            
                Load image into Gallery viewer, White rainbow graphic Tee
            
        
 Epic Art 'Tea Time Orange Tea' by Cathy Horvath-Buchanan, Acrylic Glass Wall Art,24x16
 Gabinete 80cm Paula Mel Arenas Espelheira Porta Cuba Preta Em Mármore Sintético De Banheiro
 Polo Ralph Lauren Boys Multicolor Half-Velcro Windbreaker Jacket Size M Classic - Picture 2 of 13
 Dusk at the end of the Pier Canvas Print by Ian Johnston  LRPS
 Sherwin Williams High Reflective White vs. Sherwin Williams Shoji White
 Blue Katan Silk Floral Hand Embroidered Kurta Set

* * *

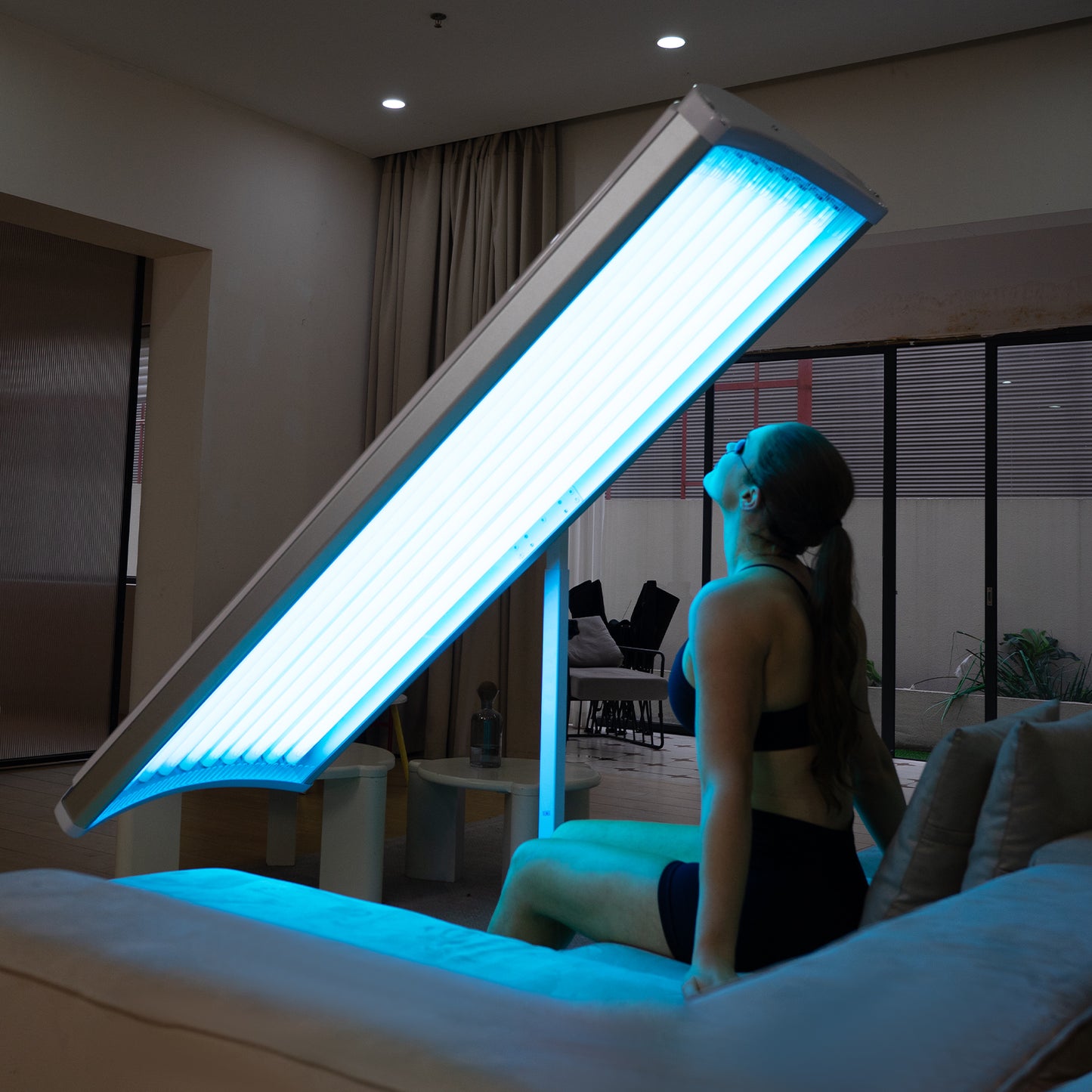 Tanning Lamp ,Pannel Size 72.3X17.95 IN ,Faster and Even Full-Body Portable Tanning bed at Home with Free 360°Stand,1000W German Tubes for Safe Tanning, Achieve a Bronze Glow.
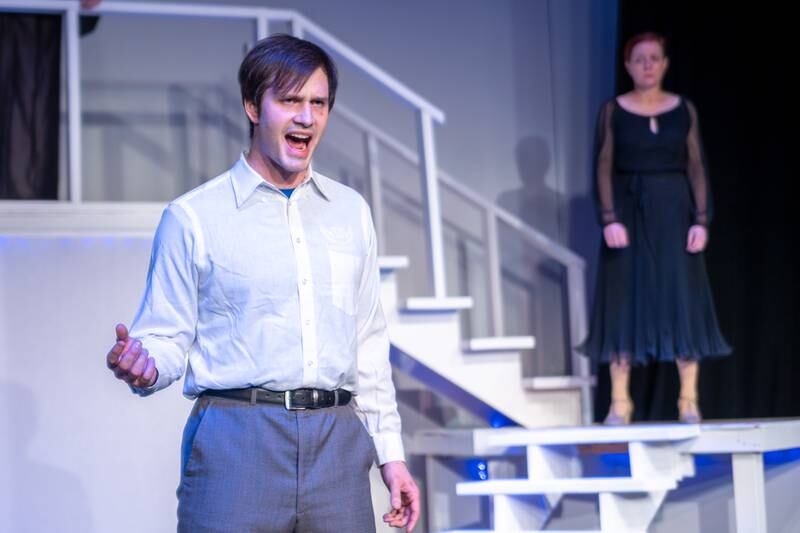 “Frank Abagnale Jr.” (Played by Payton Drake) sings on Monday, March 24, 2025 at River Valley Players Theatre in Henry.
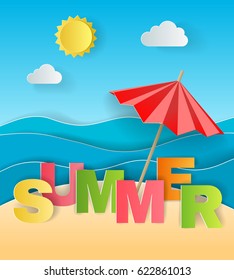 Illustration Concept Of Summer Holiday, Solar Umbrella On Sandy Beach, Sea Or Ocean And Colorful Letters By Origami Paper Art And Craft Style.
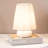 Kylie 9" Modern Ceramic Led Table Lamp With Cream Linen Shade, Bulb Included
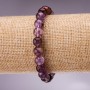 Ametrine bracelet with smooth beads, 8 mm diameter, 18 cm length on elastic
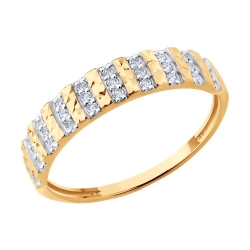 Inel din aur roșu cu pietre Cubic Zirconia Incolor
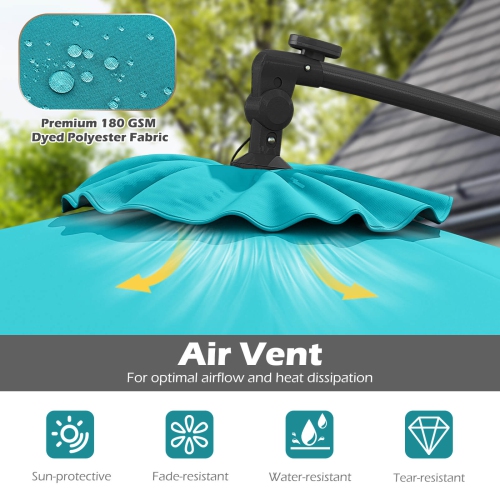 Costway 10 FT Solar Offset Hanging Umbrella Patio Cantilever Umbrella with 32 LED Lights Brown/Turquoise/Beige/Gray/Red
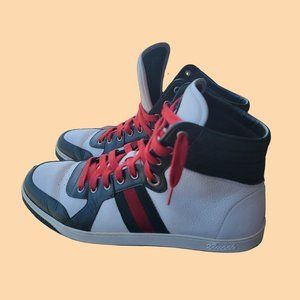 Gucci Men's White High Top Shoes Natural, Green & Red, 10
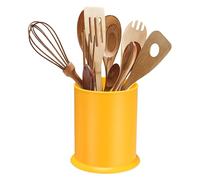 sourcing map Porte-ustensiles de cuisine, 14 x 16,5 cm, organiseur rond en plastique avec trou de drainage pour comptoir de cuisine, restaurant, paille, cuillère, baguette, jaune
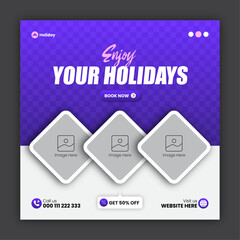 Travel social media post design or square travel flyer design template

> Your task:
Reproduce, word for word, only the lines in the records above from the line with "Tanning Lamp ,Pannel" through the line with "Travel social media", including both ends; omit the pictures.

> Finished task:
 Tanning Lamp ,Pannel Size 72.3X17.95 IN ,Faster and Even Full-Body Portable Tanning bed at Home with Free 360°Stand,1000W German Tubes for Safe Tanning, Achieve a Bronze Glow.
 “Frank Abagnale Jr.” (Played by Payton Drake) sings on Monday, March 24, 2025 at River Valley Players Theatre in Henry.
 Illustration Concept Of Summer Holiday, Solar Umbrella On Sandy Beach, Sea Or Ocean And Colorful Letters By Origami Paper Art And Craft Style.
 Kylie 9" Modern Ceramic Led Table Lamp With Cream Linen Shade, Bulb Included
 Ametrine bracelet with smooth beads, 8 mm diameter, 18 cm length on elastic
 Inel din aur roșu cu pietre Cubic Zirconia Incolor
 Costway 10 FT Solar Offset Hanging Umbrella Patio Cantilever Umbrella with 32 LED Lights Brown/Turquoise/Beige/Gray/Red
 Gucci Men's White High Top Shoes Natural, Green & Red, 10
 sourcing map Porte-ustensiles de cuisine, 14 x 16,5 cm, organiseur rond en plastique avec trou de drainage pour comptoir de cuisine, restaurant, paille, cuillère, baguette, jaune
 Travel social media post design or square travel flyer design template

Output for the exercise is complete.